Por meio dos relatos presentes na história da ficção, percebe-se os imigrantes italianos
como trabalhadores e ambiciosos, fato mencionado em um diálogo de Bento com José
Bernardino que, ao ouvir um italiano referindo-se a eles como "peladròn", palavra utilizada
para designar alguém preguiçoso, que não gosta de trabalhar, comenta:
- Ah, é isso? Nós somos os que não trabalham?
- Sejamos francos, Zé Bernardino. Quem trabalha por nós são os escravos, e agora
eles, os imigrantes. Eles nos dão lição de trabalho. Estou aqui desde o começo e é
incrível o que eles conseguiram nesse pouco tempo. Eles se matam de trabalhar.

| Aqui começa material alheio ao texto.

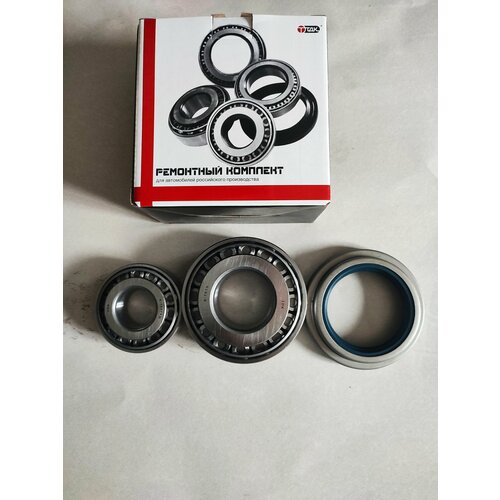 Ремкомплект передней ступицы Г-33104 (Валдай) Газон Next (подшипники +сальник в мет. обойме)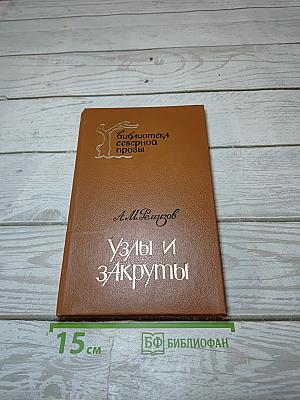 Узлы и закруты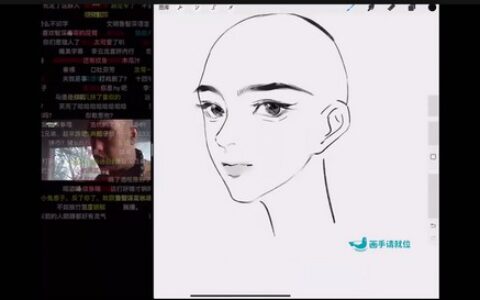 [课程中心]花花w2023iPad国风人物插画班[高清画质]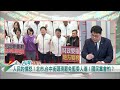 2024.12.23【台灣向前行 part5】財劃法修法通過 全民都受害！國民黨無視？人民的憤怒！北市.台中街頭出現罷免藍委人潮！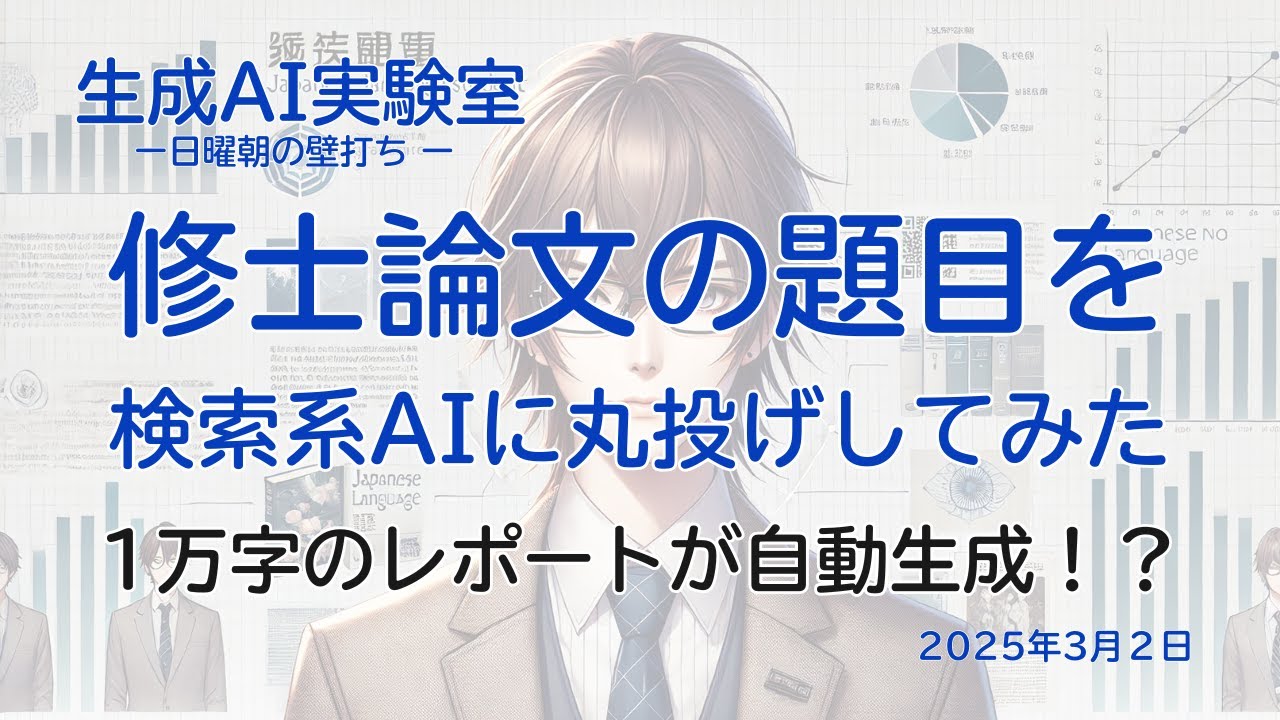 修士論文の題目を検索系AIに丸投げしてみた〜日曜朝の壁打ち〜生成AI実験室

Todos, homens, mulheres, até as crianças (POZENATO, 2011, p. 206).
Além disso, a fé religiosa dos imigrantes também é bastante citada, seja no navio,
quando vieram para o Brasil e rezaram pedindo proteção e coragem, seja na colônia, quando
Góes, o Engenheiro Chefe, comenta que os imigrantes são muito religiosos e, por isso, têm
mais paciência para enfrentar as adversidades. No entanto, essa crença não chega a ser
exaltada, permanece presente na história, quando a igreja é construída e quando o padre passa
para visitar as famílias.
Por outro lado, a crença é permeada por uma questão de status, estando inserida em
um contexto de inveja, mesquinharia e ambição. A construção da igreja, na história, é motivo
de polêmica, uma vez que cada personagem deseja que ela represente o santo pelo qual tem
simpatia. Como os homens não conseguem chegar a um acordo, são construída diversas
igrejas, de maneira que cada grupo possa exaltar sua crença.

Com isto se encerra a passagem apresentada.